In [1]:
import numpy as np
# Some configurations to "beautify" plots
import matplotlib as mpl
import matplotlib.pyplot as plt

mpl.rcParams["font.family"] = "Libre Franklin"
plt.rcParams["axes.facecolor"] = "white"
plt.rcParams["savefig.facecolor"] = "white"

# Reducing the dimensionality of the metrics

First, let's load the ABIDE dataset, and apply the site-wise normalization.

In [2]:
from mriqc_learn.viz import metrics
from mriqc_learn.models.preprocess import SiteRobustScaler
from mriqc_learn.datasets import load_dataset

(train_x, train_y), _ = load_dataset(split_strategy="none")
train_x = train_x.drop(columns = ['size_x', 'size_y', 'size_z', 'spacing_x', 'spacing_y', 'spacing_z'], inplace = False)
numeric_columns = train_x.columns.tolist()

# Harmonize between sites
scaled_x = SiteRobustScaler(unit_variance=True).fit_transform(train_x)

KeyError: "None of [Index(['site'], dtype='object')] are in the [columns]"

We have a total of 62 features (i.e., metrics), and many of them are related (e.g., region-wise SNR calculations, or different ways of estimating a particular measure).
Highly correlated (either positive or negatively correlated) are not adding much information about the image to one another.
We therefore expect to see high (negative and positive) correlations between different metrics:

In [None]:
metrics.plot_corrmat(scaled_x[numeric_columns].corr(), figsize=(12, 12));

## Principal Components Analysis (PCA)

PCA is a fundamental statistical decomposition of data that was proposed to resolve the problem of source separation.
By using a few of the largest components, the signal can effectively be reduced from our initial 62 channels into a much lower number.
We will be using scikit-learn and scipy in this example:

In [None]:
from scipy import stats
from sklearn.decomposition import PCA

First we instantiate the model without limiting the number of components and fit the model to the numeric columns (i.e., without site of origin) of our dataframe:

In [None]:
pca_model = PCA(n_components=None).fit(scaled_x[numeric_columns])
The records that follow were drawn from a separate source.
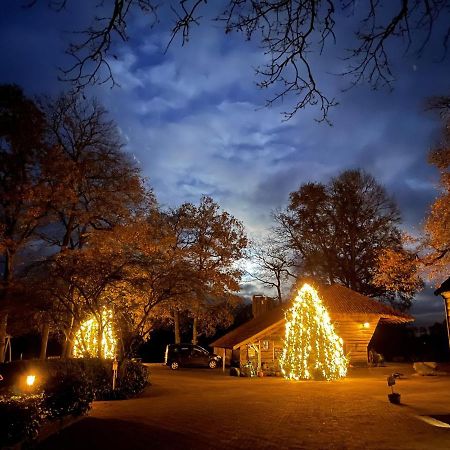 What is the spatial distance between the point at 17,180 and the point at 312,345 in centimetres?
1482

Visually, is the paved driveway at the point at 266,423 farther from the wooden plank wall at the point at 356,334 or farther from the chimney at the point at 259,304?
the chimney at the point at 259,304

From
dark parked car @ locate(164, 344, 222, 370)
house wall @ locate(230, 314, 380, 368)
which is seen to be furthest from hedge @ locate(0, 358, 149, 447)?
dark parked car @ locate(164, 344, 222, 370)

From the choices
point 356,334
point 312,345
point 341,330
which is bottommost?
point 312,345

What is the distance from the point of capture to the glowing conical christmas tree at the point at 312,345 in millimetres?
21641

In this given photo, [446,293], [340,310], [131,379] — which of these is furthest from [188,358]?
[446,293]

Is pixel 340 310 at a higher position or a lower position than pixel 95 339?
higher

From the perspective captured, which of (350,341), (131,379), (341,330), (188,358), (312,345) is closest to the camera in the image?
(131,379)

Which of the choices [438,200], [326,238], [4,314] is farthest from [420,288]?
[4,314]

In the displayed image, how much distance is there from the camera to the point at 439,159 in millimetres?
19703

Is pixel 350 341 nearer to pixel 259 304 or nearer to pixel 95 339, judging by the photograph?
pixel 259 304

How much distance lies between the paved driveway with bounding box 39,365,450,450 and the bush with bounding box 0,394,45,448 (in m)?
0.56

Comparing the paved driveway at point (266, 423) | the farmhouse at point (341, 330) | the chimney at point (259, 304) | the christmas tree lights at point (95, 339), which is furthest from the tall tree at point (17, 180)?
the chimney at point (259, 304)

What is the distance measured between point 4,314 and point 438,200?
17.9 m

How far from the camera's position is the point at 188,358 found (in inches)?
1439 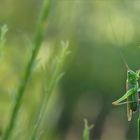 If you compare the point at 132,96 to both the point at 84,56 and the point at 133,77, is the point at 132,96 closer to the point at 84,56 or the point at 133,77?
the point at 133,77

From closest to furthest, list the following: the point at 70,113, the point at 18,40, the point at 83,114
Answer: the point at 18,40
the point at 83,114
the point at 70,113

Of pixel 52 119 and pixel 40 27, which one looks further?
pixel 52 119

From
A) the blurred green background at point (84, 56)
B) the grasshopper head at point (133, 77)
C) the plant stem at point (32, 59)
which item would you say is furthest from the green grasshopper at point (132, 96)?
the blurred green background at point (84, 56)

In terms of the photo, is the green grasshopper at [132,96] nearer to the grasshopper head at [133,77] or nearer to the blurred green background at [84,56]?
the grasshopper head at [133,77]

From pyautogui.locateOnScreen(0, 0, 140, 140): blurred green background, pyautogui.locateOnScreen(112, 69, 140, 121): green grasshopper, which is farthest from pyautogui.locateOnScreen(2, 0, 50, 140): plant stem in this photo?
pyautogui.locateOnScreen(0, 0, 140, 140): blurred green background

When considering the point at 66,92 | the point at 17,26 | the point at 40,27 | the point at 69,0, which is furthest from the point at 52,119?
the point at 40,27

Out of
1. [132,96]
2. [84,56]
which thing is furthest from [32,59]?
[84,56]

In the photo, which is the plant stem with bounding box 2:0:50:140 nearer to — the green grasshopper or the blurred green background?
the green grasshopper

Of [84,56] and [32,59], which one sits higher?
[84,56]

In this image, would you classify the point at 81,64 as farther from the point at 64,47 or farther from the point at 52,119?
the point at 64,47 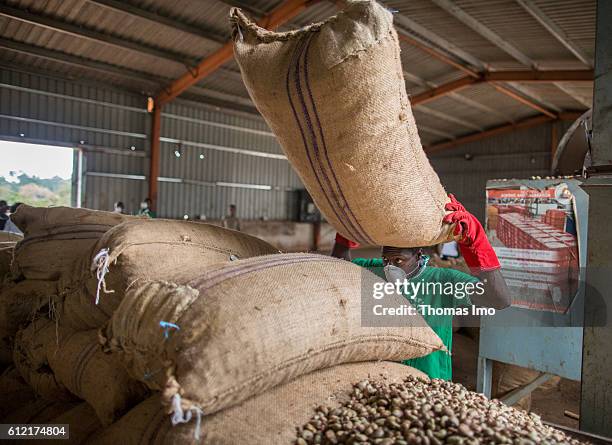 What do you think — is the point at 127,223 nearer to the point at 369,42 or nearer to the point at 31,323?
the point at 31,323

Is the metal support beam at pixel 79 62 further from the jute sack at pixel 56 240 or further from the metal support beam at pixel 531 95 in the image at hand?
the metal support beam at pixel 531 95

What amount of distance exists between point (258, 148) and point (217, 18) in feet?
19.6

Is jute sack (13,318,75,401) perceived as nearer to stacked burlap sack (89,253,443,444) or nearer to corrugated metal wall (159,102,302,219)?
stacked burlap sack (89,253,443,444)

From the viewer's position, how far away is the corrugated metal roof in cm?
748

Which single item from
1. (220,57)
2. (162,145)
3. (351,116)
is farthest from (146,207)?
(351,116)

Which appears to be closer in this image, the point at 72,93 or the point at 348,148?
the point at 348,148

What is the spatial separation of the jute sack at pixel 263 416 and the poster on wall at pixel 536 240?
88 cm

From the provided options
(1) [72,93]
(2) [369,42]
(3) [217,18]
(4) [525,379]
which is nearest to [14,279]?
(2) [369,42]

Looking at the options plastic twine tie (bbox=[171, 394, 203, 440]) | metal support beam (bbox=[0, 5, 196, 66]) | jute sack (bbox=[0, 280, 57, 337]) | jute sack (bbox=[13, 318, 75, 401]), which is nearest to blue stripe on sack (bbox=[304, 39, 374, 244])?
plastic twine tie (bbox=[171, 394, 203, 440])

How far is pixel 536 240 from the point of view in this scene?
226 cm

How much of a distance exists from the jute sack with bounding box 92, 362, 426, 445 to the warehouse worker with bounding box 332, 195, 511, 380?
1.80ft

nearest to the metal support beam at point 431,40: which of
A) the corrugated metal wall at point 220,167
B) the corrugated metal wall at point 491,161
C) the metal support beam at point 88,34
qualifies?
the metal support beam at point 88,34

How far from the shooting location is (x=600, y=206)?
1682 mm

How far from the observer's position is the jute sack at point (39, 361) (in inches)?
85.8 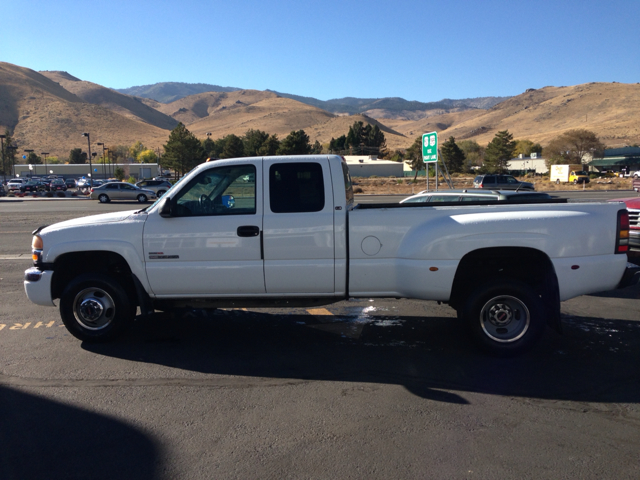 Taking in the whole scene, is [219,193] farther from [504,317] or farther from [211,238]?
[504,317]

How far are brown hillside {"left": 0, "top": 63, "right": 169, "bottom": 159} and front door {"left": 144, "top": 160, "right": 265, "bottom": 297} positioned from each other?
466 ft

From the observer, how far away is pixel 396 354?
216 inches

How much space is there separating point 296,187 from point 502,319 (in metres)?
2.55

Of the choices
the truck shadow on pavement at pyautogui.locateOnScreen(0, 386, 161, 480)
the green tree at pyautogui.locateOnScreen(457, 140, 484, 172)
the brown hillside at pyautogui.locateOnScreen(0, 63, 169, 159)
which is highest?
the brown hillside at pyautogui.locateOnScreen(0, 63, 169, 159)

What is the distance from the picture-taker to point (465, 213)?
17.3 feet

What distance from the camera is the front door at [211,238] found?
541 centimetres

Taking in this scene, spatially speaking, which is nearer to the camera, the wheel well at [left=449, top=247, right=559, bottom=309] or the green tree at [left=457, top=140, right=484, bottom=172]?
the wheel well at [left=449, top=247, right=559, bottom=309]

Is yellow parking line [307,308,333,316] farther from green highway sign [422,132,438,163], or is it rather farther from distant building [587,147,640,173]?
distant building [587,147,640,173]

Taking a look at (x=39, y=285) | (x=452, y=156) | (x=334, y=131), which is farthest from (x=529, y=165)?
(x=39, y=285)

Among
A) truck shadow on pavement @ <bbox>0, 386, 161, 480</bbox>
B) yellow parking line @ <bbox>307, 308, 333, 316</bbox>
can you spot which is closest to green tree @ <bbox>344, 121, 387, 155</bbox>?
yellow parking line @ <bbox>307, 308, 333, 316</bbox>

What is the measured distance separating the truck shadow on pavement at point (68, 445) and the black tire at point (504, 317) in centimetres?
329

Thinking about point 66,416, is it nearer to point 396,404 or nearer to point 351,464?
point 351,464

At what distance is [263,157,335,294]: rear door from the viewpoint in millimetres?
5355

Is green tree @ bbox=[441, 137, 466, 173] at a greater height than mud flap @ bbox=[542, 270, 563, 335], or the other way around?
green tree @ bbox=[441, 137, 466, 173]
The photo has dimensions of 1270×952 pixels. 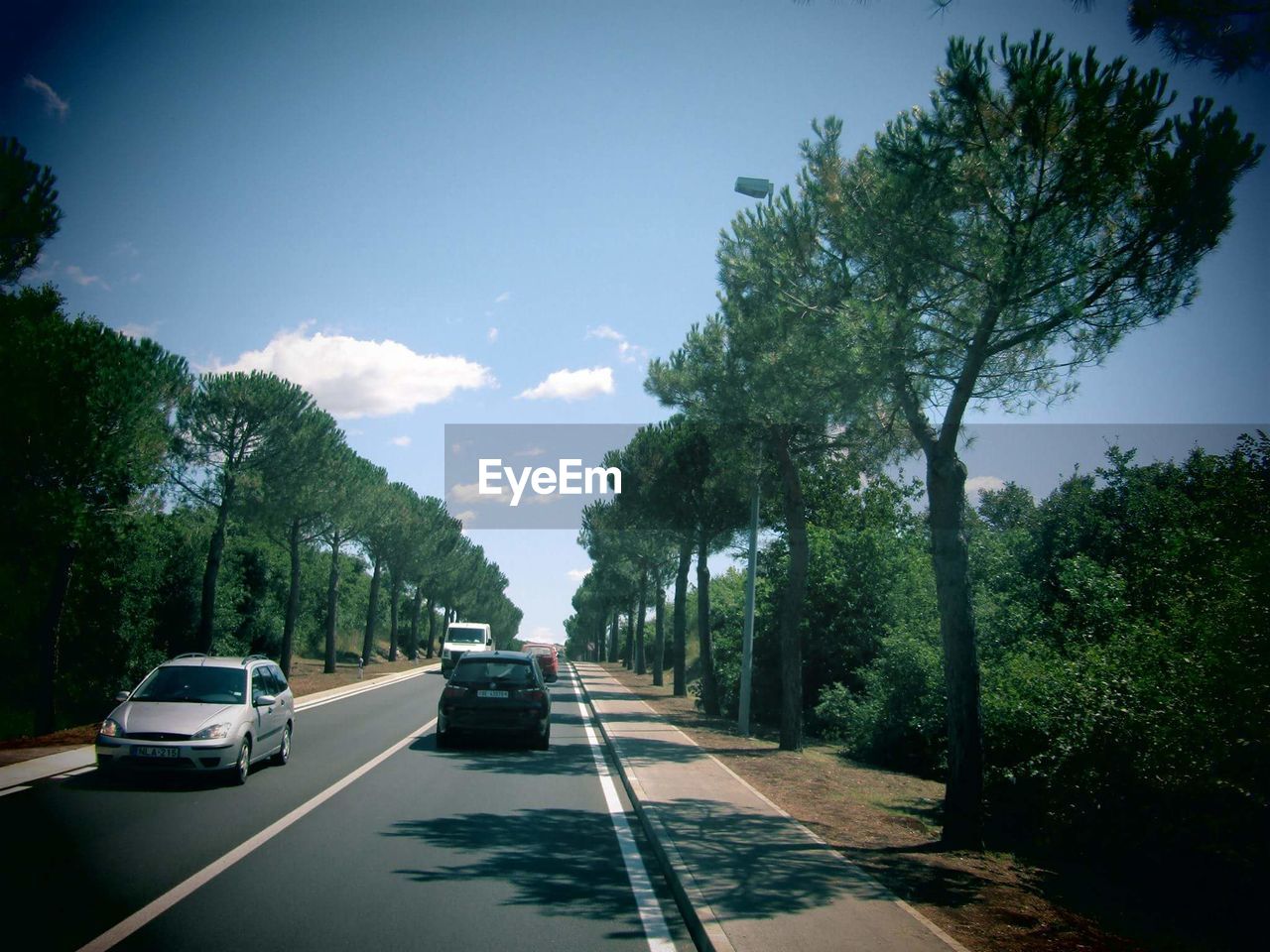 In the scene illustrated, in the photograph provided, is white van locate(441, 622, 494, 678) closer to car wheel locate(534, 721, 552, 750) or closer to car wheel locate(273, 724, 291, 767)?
car wheel locate(534, 721, 552, 750)

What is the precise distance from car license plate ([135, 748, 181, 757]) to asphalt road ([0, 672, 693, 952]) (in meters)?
0.42

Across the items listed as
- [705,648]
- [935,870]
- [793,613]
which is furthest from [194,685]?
[705,648]

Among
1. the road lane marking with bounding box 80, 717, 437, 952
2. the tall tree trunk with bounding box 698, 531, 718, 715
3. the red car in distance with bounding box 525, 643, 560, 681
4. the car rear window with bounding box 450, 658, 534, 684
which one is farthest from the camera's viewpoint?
the red car in distance with bounding box 525, 643, 560, 681

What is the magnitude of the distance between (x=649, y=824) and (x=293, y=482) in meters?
25.0

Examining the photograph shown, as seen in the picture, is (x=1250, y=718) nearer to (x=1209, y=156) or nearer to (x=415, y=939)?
(x=1209, y=156)

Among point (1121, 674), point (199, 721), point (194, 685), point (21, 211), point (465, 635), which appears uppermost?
point (21, 211)

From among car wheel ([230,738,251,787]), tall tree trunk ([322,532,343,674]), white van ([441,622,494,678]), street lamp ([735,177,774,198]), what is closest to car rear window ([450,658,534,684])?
car wheel ([230,738,251,787])

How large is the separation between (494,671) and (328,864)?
8463 millimetres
Now let's investigate this PCA model.
To make an educated guess of a sufficient number of components for properly representing the data, we typically look at an elbow plot showing the variance explained vs. the number of components.

In [None]:
fig = plt.figure(figsize=(15,6))
plt.plot(np.cumsum(pca.explained_variance_ratio_ * 100), "-x")
plt.ylabel("Cumulative variance explained [%]")
plt.xlabel("Number of components")
plt.xticks(list(range(1, pca.explained_variance_ratio_.size + 1)))
plt.show()

We can see that the first four components account for 99% of the variance, which is pretty high.
Let's then choose to keep four components from now on:

In [None]:
n_components = 4

Components are no more than linear decomposition of the original metrics, so let's now look at the coefficients that correspond to the IQMs for each of those first four components:

In [None]:
basis = pca.components_[:n_components,:]
fig, axs = plt.subplots(1, 4, sharex=False, sharey=False, figsize=(24, 6))
for k in range(basis.shape[0]):
    axs[k].plot(np.abs(basis[k,:]), "x")
    axs[k].set_title(f"Component {k + 1}")

The first two components are basically aligned with one original metric each.
The second two are more composite of several metrics, but again only two features weight above 0.5, in both cases.

Let's refit the model with the limitation of 4 components, and project our original data onto the new four-dimensional space.

In [None]:
iqm_reduced = PCA(n_components=n_components).fit_transform(
  scaled_x[numeric_columns]
)
components = pd.DataFrame(iqm_reduced, columns=[f"PC{i}" for i in range(1, n_components + 1)])
components["site"] = scaled_x["site"].values
components

The components should not be correlated:

In [None]:
metrics.plot_corrmat(scaled_x[numeric_columns].corr(), figsize=(12, 12));